WHAT TO PRODUCE: Would you print out all of the data exactly and keep the pictures out of it?

Captioned web image data:
━━━━

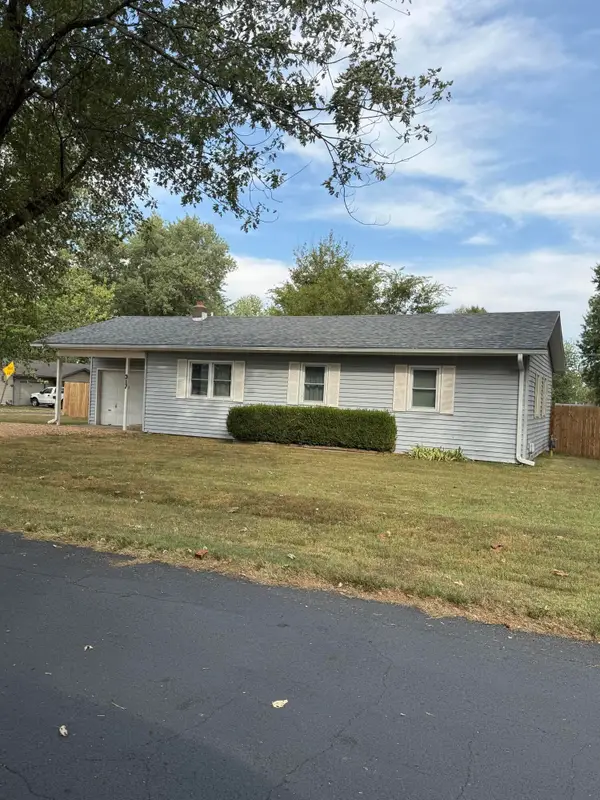 317 S Lyndall Street, Mountain Grove, MO 65711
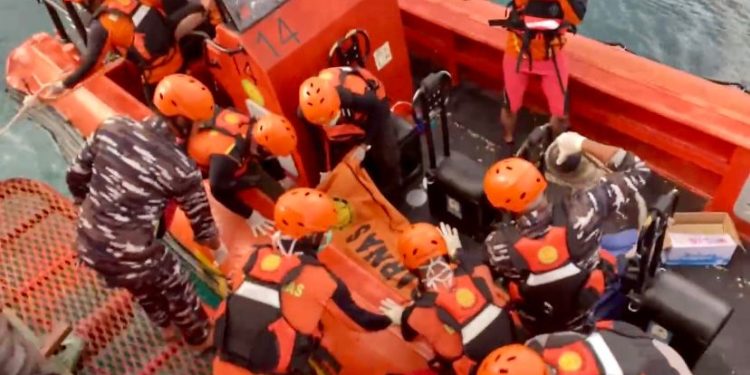 Dua Nelayan Ditemukan Meninggal Dunia Usai Kapal Terbalik di Perairan Pulau Pisang Gadang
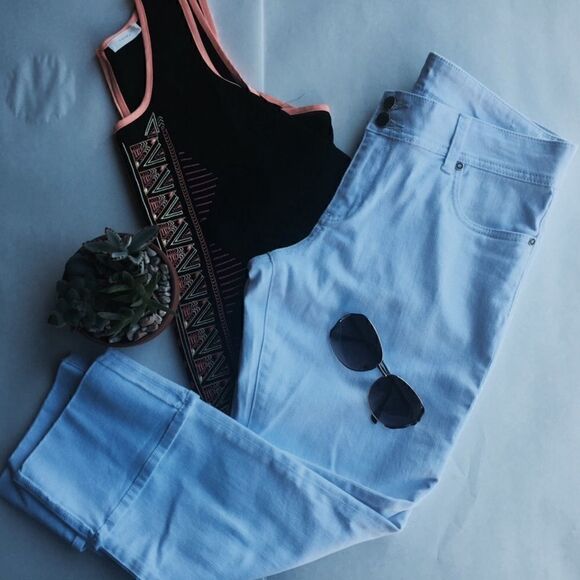 KUT from the Kloth Cameron Straight Leg White Jean - Picture 1 of 8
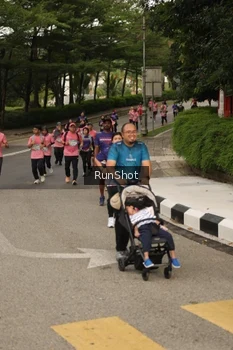 Runner Photo 4262516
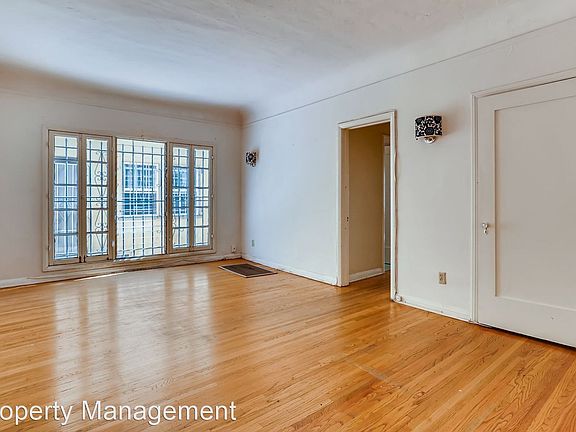 3rd image of 351 N Sierra Bonita Ave #10237019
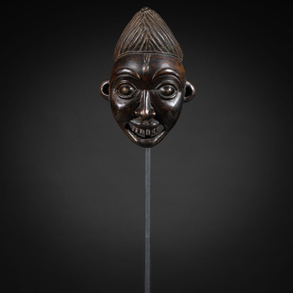 Máscara africana  posiblemente Ngoin de Camerún del siglo XX.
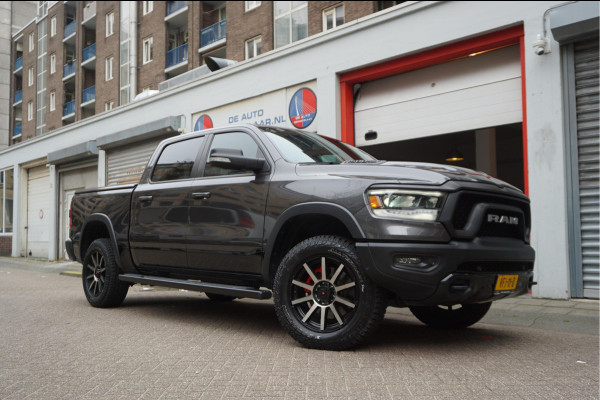 Dodge Ram 1500 5.7 V8 4x4 Crew Cab Rebel Sport | Luchtvering PANO -dak | Black Line | Off Road | Groot Navi | Apple CarPlay | Keyless | 20inch | Harman Kardon | Full LED | LPG onderbouw | excl BTW 3/2026 beurt + 4x Banden
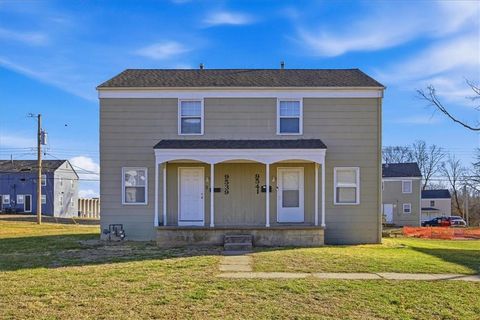 9539-9541 Charlotte Street Kansas City MO 64131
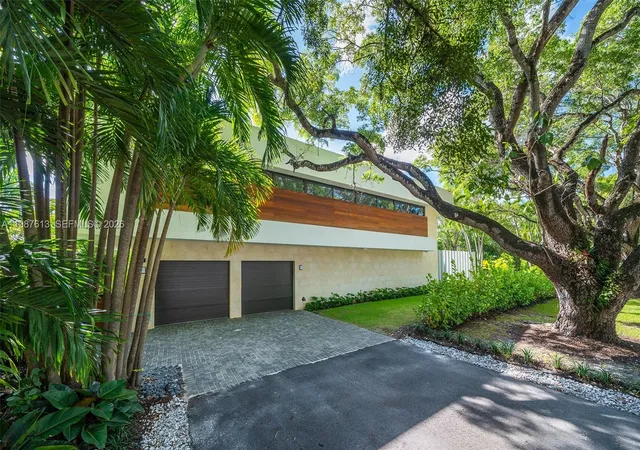 Homes for sale in Miami, FL | 4041 S Le Jeune Rd, Miami, FL 33146 | MLS# A11987613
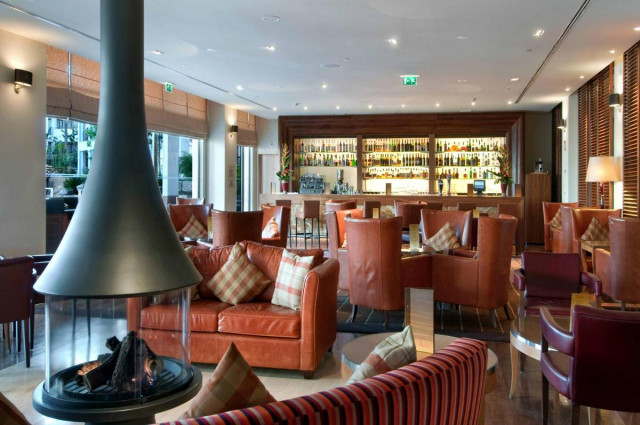 Hilton Vilamoura As Cascatas Golf Resort & Spa - bar (Photo 1)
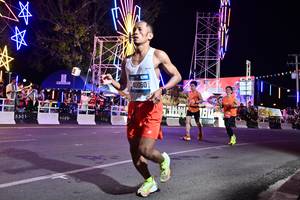 BIB: 0320, 40060
                            <button type="button" onclick="openModal(21396990)" class="btn btn-primary btn-sm float-right btn-popup" data-toggle="modal" data-target=".modal-high-quality">
                        <i class="fas fa-shopping-cart"></i> Add to Cart
                    </button>
                                            <button type="button" onclick="isThisMe(21396990, true)" class="btn btn-success btn-sm float-right btn-popup btn-isme hidden" data-toggle="tooltip" data-placement="bottom" title="นี่คือรูปของคุณใช่ไหม คลิกที่นี่เพื่อเอาเข้าอัลบั้ม">
                        <i class="fas fa-plus"></i> Add to album
                    </button>
                    <button type="button" onclick="isThisMe(21396990, false)" class="btn btn-warning btn-sm float-right btn-popup btn-isnotme hidden">
                        <i class="fas fa-ban"></i> Remove from album
                    </button>
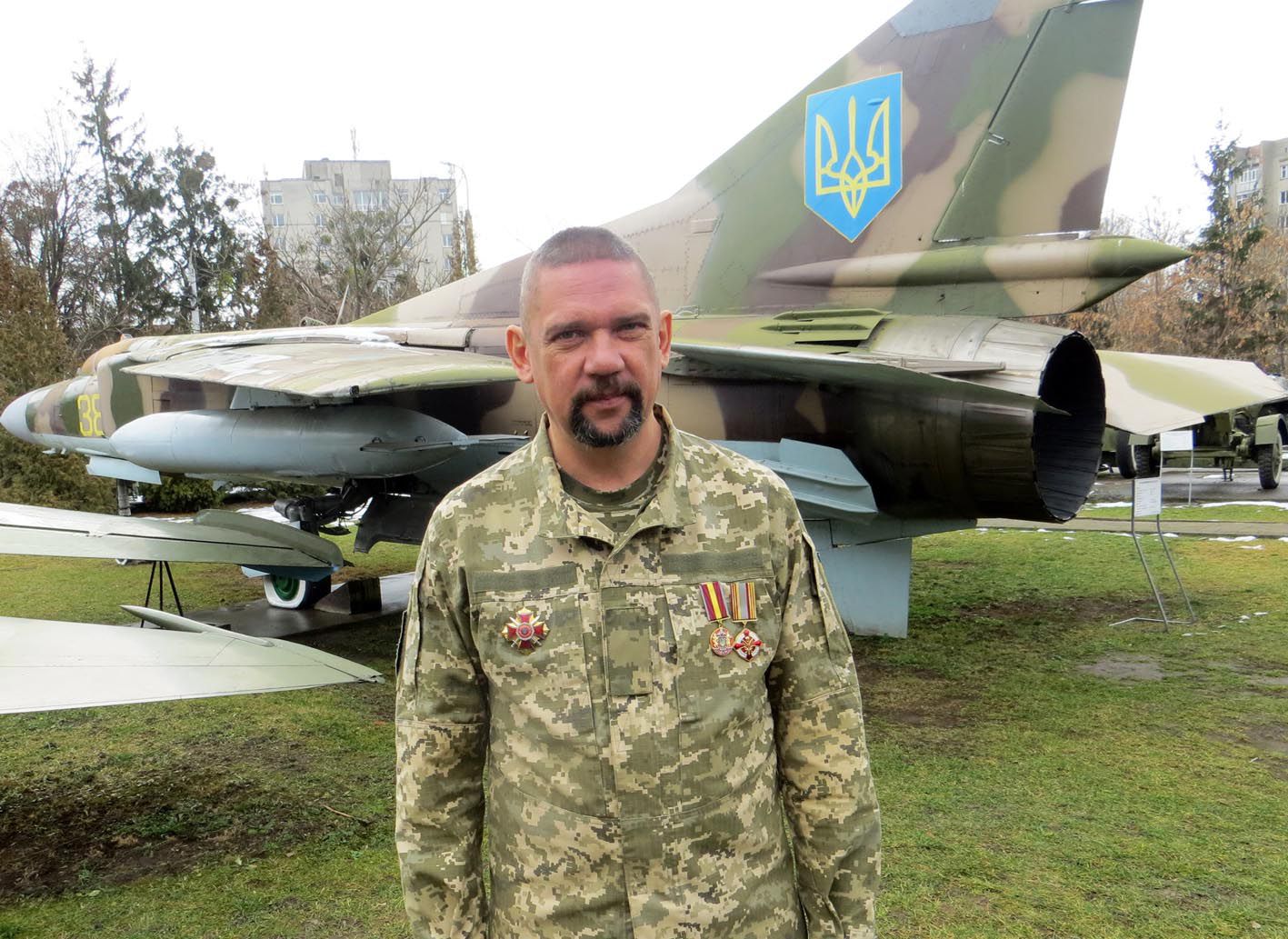 На фронті небезпечно, але жарти і там цінують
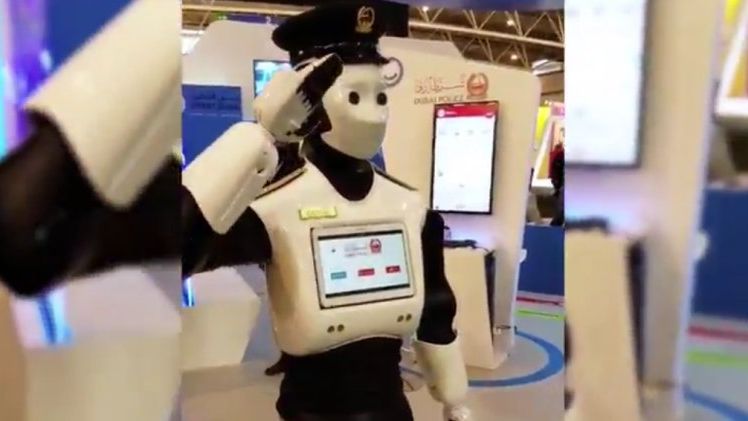 Administratia din Dubai a adus primul robot politist pe strazile din oras [VIDEO]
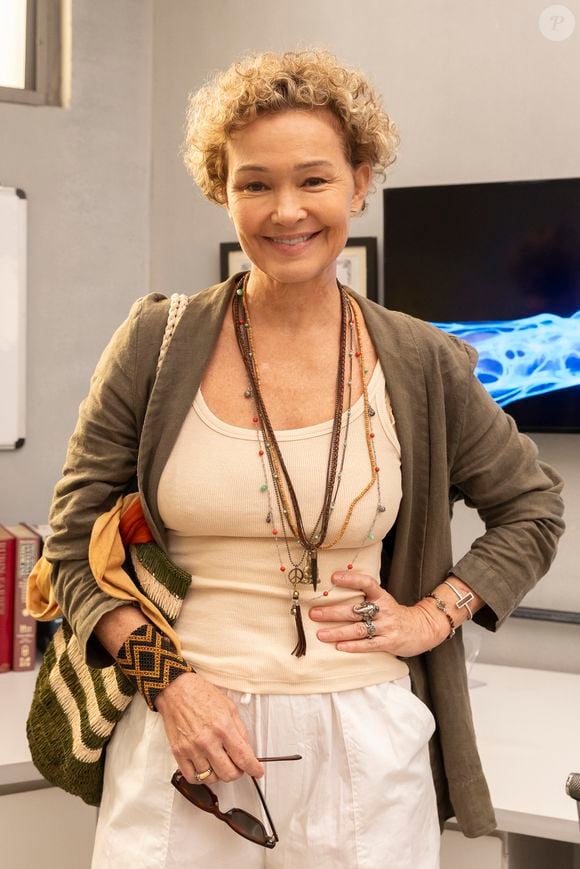 Julia Lemmertz completou 63 anos no último dia 18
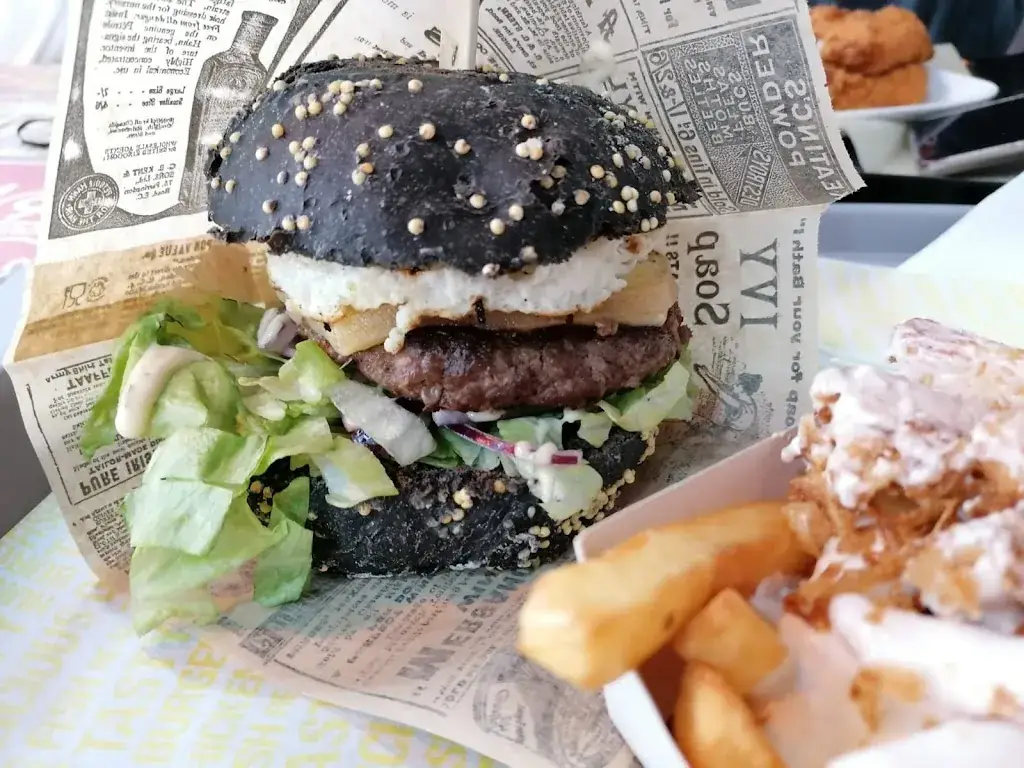 Chicken Cheese quievrechain_Quiévrechain_slider_image_2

━━━━

ANSWER TO THE EXERCISE:
 317 S Lyndall Street, Mountain Grove, MO 65711
 Dua Nelayan Ditemukan Meninggal Dunia Usai Kapal Terbalik di Perairan Pulau Pisang Gadang
 KUT from the Kloth Cameron Straight Leg White Jean - Picture 1 of 8
 Runner Photo 4262516
 3rd image of 351 N Sierra Bonita Ave #10237019
 Máscara africana  posiblemente Ngoin de Camerún del siglo XX.
 Dodge Ram 1500 5.7 V8 4x4 Crew Cab Rebel Sport | Luchtvering PANO -dak | Black Line | Off Road | Groot Navi | Apple CarPlay | Keyless | 20inch | Harman Kardon | Full LED | LPG onderbouw | excl BTW 3/2026 beurt + 4x Banden
 9539-9541 Charlotte Street Kansas City MO 64131
 Homes for sale in Miami, FL | 4041 S Le Jeune Rd, Miami, FL 33146 | MLS# A11987613
 Hilton Vilamoura As Cascatas Golf Resort & Spa - bar (Photo 1)
 BIB: 0320, 40060
                            <button type="button" onclick="openModal(21396990)" class="btn btn-primary btn-sm float-right btn-popup" data-toggle="modal" data-target=".modal-high-quality">
                        <i class="fas fa-shopping-cart"></i> Add to Cart
                    </button>
                                            <button type="button" onclick="isThisMe(21396990, true)" class="btn btn-success btn-sm float-right btn-popup btn-isme hidden" data-toggle="tooltip" data-placement="bottom" title="นี่คือรูปของคุณใช่ไหม คลิกที่นี่เพื่อเอาเข้าอัลบั้ม">
                        <i class="fas fa-plus"></i> Add to album
                    </button>
                    <button type="button" onclick="isThisMe(21396990, false)" class="btn btn-warning btn-sm float-right btn-popup btn-isnotme hidden">
                        <i class="fas fa-ban"></i> Remove from album
                    </button>
 На фронті небезпечно, але жарти і там цінують
 Administratia din Dubai a adus primul robot politist pe strazile din oras [VIDEO]
 Julia Lemmertz completou 63 anos no último dia 18
 Chicken Cheese quievrechain_Quiévrechain_slider_image_2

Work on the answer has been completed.